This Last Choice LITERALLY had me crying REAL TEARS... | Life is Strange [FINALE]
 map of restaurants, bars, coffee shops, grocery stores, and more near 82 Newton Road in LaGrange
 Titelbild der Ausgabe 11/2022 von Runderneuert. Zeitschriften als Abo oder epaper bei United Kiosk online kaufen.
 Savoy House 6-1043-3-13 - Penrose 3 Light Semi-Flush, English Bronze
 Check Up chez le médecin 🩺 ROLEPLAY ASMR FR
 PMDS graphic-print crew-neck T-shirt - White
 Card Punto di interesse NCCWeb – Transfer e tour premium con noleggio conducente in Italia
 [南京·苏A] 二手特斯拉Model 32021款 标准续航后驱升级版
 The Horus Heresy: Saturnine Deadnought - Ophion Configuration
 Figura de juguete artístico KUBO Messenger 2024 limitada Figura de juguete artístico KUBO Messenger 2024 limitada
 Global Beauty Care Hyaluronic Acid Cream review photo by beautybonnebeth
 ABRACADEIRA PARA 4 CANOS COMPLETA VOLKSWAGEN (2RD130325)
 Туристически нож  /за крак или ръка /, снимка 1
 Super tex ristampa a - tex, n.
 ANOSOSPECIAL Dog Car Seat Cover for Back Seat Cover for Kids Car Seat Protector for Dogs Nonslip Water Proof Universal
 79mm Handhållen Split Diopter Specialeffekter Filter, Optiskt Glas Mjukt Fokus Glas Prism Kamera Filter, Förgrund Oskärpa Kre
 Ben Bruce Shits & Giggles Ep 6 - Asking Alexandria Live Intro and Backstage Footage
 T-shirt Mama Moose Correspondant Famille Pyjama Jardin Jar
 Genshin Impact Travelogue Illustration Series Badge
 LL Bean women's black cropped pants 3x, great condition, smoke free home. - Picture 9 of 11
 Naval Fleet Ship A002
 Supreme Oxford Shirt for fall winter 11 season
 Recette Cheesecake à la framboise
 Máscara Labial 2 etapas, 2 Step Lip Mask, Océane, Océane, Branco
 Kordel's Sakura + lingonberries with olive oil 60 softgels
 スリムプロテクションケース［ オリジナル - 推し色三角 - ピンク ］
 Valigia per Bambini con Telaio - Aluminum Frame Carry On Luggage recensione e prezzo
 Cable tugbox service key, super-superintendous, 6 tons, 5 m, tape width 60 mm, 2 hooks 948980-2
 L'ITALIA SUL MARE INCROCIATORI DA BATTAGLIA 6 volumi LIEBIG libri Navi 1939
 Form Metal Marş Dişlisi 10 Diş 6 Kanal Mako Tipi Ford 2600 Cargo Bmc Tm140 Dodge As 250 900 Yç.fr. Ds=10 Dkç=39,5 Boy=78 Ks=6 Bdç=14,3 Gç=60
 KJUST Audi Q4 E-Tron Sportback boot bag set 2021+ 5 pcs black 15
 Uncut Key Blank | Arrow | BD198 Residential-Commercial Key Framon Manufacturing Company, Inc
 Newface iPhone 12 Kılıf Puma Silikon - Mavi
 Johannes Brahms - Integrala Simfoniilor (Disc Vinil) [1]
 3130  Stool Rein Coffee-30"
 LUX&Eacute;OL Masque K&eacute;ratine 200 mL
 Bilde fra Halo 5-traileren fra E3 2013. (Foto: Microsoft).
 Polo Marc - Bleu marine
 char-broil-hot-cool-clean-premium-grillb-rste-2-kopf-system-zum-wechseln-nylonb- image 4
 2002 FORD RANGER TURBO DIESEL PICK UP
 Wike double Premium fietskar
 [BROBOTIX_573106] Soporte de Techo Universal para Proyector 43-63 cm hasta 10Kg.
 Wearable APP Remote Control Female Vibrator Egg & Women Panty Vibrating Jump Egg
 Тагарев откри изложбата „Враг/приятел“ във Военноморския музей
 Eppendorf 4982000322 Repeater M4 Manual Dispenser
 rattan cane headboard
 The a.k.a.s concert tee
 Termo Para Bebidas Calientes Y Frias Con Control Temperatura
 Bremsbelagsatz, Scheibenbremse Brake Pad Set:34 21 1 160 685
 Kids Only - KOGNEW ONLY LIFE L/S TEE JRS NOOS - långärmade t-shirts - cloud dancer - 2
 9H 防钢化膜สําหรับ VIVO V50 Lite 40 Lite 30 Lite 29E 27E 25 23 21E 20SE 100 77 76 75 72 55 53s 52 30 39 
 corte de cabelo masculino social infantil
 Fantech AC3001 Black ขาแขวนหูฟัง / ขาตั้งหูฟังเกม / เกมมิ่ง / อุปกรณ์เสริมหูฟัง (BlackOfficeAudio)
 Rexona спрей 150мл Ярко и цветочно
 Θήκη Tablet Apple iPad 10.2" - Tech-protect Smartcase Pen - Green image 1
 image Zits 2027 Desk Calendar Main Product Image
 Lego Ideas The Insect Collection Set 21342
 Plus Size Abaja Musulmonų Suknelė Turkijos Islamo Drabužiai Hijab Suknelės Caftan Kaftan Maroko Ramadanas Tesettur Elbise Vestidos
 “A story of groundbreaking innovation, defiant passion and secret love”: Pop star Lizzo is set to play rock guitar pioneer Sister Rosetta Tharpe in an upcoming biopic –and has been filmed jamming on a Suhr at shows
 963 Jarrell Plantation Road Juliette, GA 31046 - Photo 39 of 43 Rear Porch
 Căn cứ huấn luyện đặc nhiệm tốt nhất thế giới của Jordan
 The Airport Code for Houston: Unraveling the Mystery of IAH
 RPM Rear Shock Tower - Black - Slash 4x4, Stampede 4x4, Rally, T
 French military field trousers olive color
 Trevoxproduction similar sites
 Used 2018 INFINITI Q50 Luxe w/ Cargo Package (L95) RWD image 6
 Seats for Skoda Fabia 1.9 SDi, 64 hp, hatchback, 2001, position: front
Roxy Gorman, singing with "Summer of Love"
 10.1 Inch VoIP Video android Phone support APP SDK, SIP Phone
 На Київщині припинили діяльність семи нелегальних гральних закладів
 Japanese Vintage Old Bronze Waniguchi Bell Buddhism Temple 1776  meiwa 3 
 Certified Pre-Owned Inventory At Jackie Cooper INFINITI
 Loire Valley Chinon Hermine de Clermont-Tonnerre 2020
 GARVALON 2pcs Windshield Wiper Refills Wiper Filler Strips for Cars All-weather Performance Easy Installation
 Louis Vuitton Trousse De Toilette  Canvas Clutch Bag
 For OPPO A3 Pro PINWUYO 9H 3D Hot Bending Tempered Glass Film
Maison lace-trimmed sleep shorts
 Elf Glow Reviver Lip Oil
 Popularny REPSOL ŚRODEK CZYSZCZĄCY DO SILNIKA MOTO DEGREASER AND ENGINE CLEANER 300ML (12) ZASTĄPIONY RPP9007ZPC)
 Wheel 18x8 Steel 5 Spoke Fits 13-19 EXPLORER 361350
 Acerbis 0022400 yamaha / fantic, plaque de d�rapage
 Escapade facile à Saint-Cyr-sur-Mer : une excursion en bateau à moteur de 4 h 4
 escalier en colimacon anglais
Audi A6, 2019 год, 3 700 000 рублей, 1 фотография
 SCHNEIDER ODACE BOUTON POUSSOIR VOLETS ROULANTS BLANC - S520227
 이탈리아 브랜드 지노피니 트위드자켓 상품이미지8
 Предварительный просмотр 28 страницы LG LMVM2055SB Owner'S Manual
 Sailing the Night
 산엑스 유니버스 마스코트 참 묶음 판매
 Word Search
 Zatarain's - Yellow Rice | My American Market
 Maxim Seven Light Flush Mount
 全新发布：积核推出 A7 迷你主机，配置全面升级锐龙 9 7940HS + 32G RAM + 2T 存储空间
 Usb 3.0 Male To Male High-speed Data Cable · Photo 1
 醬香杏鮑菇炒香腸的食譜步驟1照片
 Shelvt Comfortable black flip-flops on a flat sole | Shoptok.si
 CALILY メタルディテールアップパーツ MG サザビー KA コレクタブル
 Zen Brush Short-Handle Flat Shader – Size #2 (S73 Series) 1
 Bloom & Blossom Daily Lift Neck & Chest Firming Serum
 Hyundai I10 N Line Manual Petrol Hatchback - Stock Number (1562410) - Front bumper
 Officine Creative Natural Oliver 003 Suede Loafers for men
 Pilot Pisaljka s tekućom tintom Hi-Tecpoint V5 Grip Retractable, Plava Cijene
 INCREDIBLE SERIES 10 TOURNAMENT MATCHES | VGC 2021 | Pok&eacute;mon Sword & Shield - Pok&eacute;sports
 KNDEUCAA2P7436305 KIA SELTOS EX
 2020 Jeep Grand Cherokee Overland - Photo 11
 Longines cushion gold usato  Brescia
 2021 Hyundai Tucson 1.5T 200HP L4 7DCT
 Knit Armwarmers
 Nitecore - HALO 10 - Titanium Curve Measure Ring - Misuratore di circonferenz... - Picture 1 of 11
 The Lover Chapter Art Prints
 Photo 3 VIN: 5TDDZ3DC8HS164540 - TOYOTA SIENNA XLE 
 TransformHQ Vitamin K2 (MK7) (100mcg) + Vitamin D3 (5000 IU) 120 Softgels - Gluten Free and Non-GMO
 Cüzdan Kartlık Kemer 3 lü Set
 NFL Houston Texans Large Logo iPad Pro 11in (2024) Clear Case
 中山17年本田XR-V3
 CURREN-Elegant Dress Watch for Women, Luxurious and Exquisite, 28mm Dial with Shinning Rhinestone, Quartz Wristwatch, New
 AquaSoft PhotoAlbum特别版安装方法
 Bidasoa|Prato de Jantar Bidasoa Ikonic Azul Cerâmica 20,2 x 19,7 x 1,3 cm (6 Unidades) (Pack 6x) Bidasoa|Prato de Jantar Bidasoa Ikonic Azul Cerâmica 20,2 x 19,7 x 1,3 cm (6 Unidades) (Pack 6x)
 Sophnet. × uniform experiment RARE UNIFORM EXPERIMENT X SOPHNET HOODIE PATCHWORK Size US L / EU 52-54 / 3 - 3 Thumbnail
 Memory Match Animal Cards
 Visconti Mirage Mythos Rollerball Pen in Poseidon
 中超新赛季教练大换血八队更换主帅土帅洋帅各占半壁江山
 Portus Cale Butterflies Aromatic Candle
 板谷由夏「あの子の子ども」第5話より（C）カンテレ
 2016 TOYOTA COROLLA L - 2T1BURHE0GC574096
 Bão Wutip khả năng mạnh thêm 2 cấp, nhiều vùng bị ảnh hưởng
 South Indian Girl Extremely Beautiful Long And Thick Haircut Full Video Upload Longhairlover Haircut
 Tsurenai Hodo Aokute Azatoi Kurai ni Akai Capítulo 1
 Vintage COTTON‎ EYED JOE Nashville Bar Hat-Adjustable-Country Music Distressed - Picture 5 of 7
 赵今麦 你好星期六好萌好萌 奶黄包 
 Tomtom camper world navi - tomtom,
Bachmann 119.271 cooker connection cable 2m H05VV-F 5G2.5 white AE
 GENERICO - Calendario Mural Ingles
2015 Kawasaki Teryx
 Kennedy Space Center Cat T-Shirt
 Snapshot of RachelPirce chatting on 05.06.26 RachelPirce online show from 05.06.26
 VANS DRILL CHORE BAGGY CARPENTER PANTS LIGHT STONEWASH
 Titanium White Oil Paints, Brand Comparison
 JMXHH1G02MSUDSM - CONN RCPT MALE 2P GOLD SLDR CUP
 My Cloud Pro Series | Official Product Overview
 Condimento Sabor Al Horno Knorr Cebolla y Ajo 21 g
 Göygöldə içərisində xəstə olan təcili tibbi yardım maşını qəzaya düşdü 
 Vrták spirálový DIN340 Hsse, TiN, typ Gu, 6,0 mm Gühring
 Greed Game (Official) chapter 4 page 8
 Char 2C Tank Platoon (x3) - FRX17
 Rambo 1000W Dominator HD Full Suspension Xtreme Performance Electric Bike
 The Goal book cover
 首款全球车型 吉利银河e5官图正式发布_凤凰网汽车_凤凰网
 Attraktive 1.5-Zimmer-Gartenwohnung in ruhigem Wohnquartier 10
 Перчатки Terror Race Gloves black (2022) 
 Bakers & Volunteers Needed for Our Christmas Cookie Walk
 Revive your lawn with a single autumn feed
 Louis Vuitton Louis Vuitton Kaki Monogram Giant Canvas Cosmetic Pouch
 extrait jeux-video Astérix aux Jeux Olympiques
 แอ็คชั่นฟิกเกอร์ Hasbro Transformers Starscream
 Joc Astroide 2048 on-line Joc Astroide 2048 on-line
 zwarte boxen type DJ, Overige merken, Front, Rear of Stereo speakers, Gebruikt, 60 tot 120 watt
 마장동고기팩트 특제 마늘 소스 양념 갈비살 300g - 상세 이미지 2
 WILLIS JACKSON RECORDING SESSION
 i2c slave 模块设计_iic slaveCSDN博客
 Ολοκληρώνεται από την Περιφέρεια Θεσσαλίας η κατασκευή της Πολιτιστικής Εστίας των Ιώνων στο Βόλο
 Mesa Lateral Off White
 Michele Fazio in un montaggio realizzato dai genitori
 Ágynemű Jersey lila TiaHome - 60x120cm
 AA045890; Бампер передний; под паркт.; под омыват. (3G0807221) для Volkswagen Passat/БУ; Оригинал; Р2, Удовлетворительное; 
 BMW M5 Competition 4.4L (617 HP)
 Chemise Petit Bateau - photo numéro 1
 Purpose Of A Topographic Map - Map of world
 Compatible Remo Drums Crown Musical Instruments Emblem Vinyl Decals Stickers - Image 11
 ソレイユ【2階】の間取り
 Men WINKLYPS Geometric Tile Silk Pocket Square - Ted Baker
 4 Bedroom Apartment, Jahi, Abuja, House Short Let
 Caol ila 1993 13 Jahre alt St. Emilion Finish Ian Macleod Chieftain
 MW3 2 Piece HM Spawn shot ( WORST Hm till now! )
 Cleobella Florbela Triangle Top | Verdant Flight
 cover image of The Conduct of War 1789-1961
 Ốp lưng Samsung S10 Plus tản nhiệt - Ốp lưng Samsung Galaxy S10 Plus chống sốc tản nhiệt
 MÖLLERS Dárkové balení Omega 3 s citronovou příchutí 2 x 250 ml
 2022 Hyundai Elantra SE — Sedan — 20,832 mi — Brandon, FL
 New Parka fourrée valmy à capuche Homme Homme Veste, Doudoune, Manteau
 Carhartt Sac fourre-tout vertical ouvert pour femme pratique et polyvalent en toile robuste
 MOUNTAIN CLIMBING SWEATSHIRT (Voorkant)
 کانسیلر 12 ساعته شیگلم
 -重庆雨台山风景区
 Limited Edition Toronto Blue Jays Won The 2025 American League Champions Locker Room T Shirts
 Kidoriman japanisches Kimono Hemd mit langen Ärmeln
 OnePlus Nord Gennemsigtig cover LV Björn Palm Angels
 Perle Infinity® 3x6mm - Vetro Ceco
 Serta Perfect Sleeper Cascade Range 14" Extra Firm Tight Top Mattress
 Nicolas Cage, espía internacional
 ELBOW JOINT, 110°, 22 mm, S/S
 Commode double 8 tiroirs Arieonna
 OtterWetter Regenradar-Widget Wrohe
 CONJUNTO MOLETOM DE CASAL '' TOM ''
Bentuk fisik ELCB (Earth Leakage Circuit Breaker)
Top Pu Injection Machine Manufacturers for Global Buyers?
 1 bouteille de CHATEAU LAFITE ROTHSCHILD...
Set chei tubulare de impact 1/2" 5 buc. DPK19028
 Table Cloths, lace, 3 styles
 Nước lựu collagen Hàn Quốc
================================
A verbatim transcription is required: the first line of the listing, the line containing "T-shirt Mama Moose", and every line between them.

— SOLUTION BELOW —
This Last Choice LITERALLY had me crying REAL TEARS... | Life is Strange [FINALE]
 map of restaurants, bars, coffee shops, grocery stores, and more near 82 Newton Road in LaGrange
 Titelbild der Ausgabe 11/2022 von Runderneuert. Zeitschriften als Abo oder epaper bei United Kiosk online kaufen.
 Savoy House 6-1043-3-13 - Penrose 3 Light Semi-Flush, English Bronze
 Check Up chez le médecin 🩺 ROLEPLAY ASMR FR
 PMDS graphic-print crew-neck T-shirt - White
 Card Punto di interesse NCCWeb – Transfer e tour premium con noleggio conducente in Italia
 [南京·苏A] 二手特斯拉Model 32021款 标准续航后驱升级版
 The Horus Heresy: Saturnine Deadnought - Ophion Configuration
 Figura de juguete artístico KUBO Messenger 2024 limitada Figura de juguete artístico KUBO Messenger 2024 limitada
 Global Beauty Care Hyaluronic Acid Cream review photo by beautybonnebeth
 ABRACADEIRA PARA 4 CANOS COMPLETA VOLKSWAGEN (2RD130325)
 Туристически нож  /за крак или ръка /, снимка 1
 Super tex ristampa a - tex, n.
 ANOSOSPECIAL Dog Car Seat Cover for Back Seat Cover for Kids Car Seat Protector for Dogs Nonslip Water Proof Universal
 79mm Handhållen Split Diopter Specialeffekter Filter, Optiskt Glas Mjukt Fokus Glas Prism Kamera Filter, Förgrund Oskärpa Kre
 Ben Bruce Shits & Giggles Ep 6 - Asking Alexandria Live Intro and Backstage Footage
 T-shirt Mama Moose Correspondant Famille Pyjama Jardin Jar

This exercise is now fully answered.